Forse anche perché è percepito come uno sport per uomini duri!
«Fino a dieci anni fa il rugbista era l’uomo rude sempre nel fango, con i calli, un po’ asociale. E anche se di fatto non è mai stato così, la percezione che se n’è avuta è stata sempre un po’ quella. Oggi tutto ciò è cambiato e noi rugbisti abbiamo conquistato anche la parola, grazie ad attività collaterali: calendari, una maggiore apertura ai media e alla pubblicità, una più attenta cura dell’immagine. Questo ha modificato un bel po’ l’immaginario che ruota intorno al rugby».
Delle rugbiste cosa mi dici? Come si sposa un sport come questo con la femminilità?

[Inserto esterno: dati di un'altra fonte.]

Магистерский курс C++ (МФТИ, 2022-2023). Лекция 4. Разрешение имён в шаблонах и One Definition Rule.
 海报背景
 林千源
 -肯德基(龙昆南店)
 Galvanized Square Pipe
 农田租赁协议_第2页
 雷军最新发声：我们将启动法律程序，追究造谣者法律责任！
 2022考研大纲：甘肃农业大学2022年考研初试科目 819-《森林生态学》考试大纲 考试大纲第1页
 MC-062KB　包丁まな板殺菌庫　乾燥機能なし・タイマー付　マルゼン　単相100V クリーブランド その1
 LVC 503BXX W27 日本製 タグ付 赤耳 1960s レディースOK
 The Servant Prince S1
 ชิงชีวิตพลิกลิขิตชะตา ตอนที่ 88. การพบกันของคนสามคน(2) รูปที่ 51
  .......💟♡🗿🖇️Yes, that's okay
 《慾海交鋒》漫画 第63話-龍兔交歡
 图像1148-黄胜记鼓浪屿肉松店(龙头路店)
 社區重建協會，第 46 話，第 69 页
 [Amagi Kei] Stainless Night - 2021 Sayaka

«Beh, darsi mazzate per 80 minuti non è di certo molto femminile, però c’è uno spirito, intendo la capacità di divertirsi e collaborare all’interno di una squadra per un obiettivo comune, che rende queste ragazze, che magari di giorno lavorano e la sera si allenano duramente, davvero irresistibili. Le ammiro moltissimo e penso ci sia veramente molto da imparare da loro».
Sesso e sport in che rapporto stanno? Ci sono diverse scuole di pensiero e qualcuno sostiene, per esempio, che avere rapporti sessuali prima di una performance sportiva migliori le prestazioni in campo. Il sesso fa bene allo sport insomma?
«Penso che dipenda molto dal singolo atleta e dalle sue abitudini e che non ci siano regole che valgono per tutti. Personalmente ho sempre evitato e, visto come stanno andando le cose, continuo così!».
Anche sul discorso famiglia e figli ci sono diverse scuole di pensiero. Nel tennis, per esempio, abbiamo due casi lampanti – Novak Djokovic e Roger Federer – di come metter su famiglia possa giovare al proprio gioco...
«La tranquillità, la serenità dell’atleta sono fondamentali per le performance, per cui avere una famiglia o dei figli può dare maggiore equilibrio. Ma anche qui si tratta di questioni molto personali che possono cambiare da atleta ad atleta».